A matter of choice: A new financial era lets the buy-side flex its muscles

In this article, Mike O’Hara and Adam Cox of The Realization Group look at how regulation and technological advances are encouraging the buy-side to take matters into their own hands when it comes to trading infrastructure. Mike & Adam speak with Brian Ross of FIX Flyer, Jacob Loveless at Lucera and Stuart Turnham of Equinix. The benefits for buy-side players from this trend extend well beyond cost. As power shifts away from the sell-side and buy-side firms broaden their horizons in terms of connectivity, they are finding that new trading possibilities quickly open up. In a world where electronification is still spreading into new asset classes, agility is very much the name of the game.

 

A matter of choice buy side

Introduction

Technology and regulation are changing the way the market works in fundamental ways, and one of the areas where that change is most starkly visible is in the relationships between the buy-side, sell-side and vendor community. As regulators demand greater transparency and new technology offers more opportunities, large buy-side participants are suddenly finding they have far more choice when it comes to market access and how they do business.

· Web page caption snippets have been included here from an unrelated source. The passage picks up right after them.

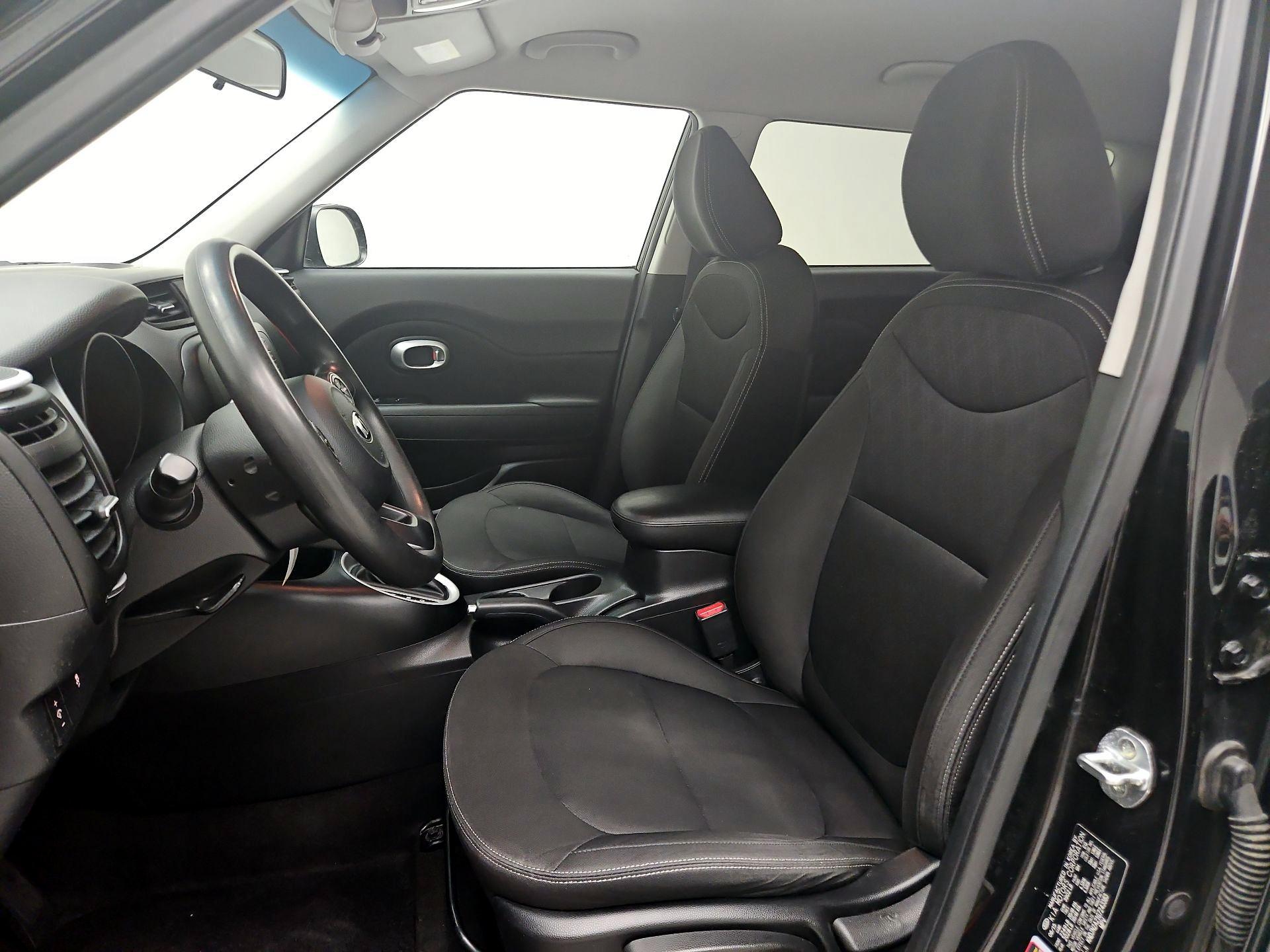 Thumbnail: 2016 Kia Soul - 11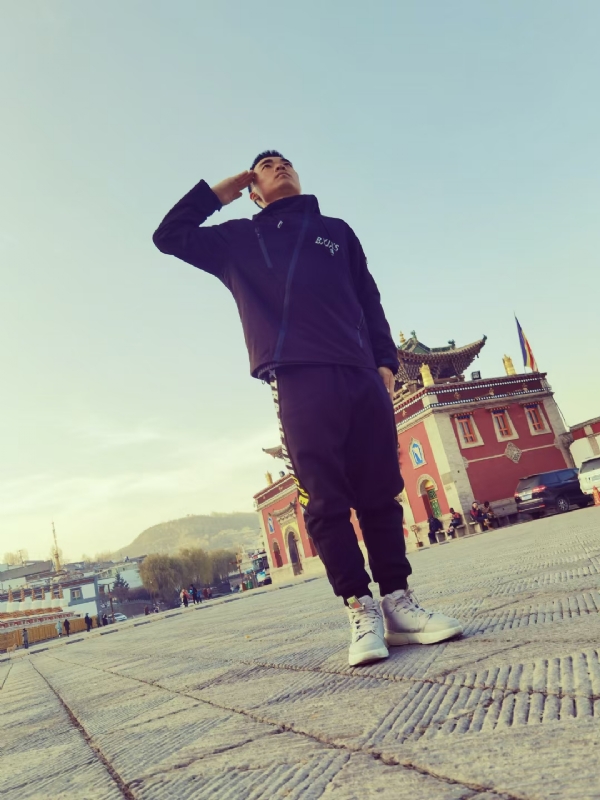 相会的第二张照片--唐山相亲服务中心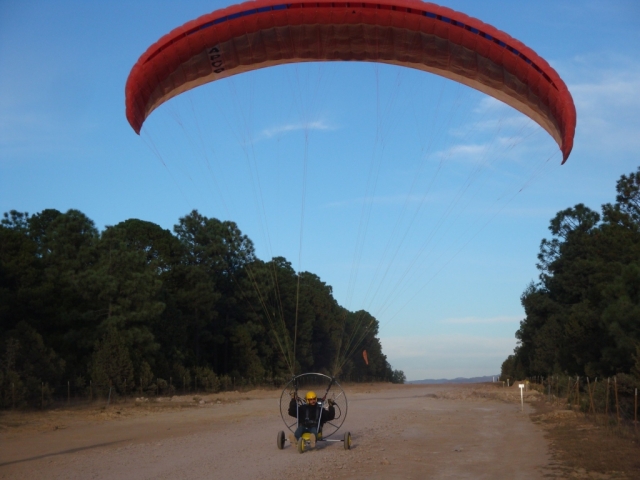 Disfruta de lo que es el paramotor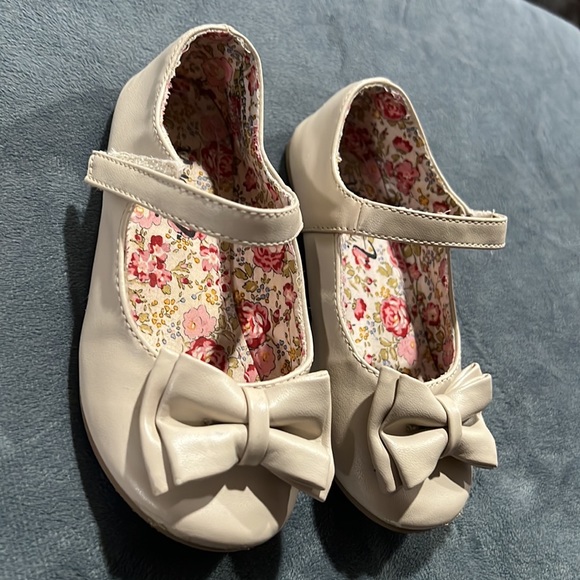 Beige/cream flats - Picture 3 of 3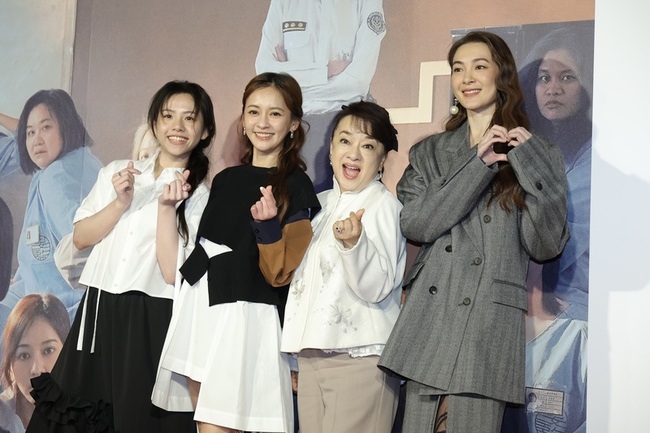 新片噴淚母女戲感觸深 翁倩玉：回家要好好抱抱媽媽 | 華視新聞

This dynamic is seen clearly in a newfound focus on connectivity. Regulatory change is pushing the sell-side to unbundle its offerings, which in turn is prompting investment firms to consider arranging their own connectivity and ancillary services. In such an environment, large buy-side participants may be taking on some new costs but they are also reducing others. More importantly, they are gaining control.

 

A shifting power balance

In the not-too-distant past, a medium-sized buy-side firm had limited choices when it came to market connectivity. Brokers, and the OMS and EMS vendors they worked with, offered connectivity at a certain price and that pretty much was that.

 

Buy-sides will look for cheaper connectivity solutions as they take on the cost and then will likely explore alternative trading partners to find the best liquidity choices.”
Brian Ross, CEO of FIX Flyer

 

But as the sell-side is being forced to itemise its services and charge for them separately, and as cloud-computing technology changes the very nature of the market infrastructure, buy-side firms are starting to see a new array of choices. Fixed connectivity on demand and the use of cross-connects are just two of the ways that they can change the way they access the market.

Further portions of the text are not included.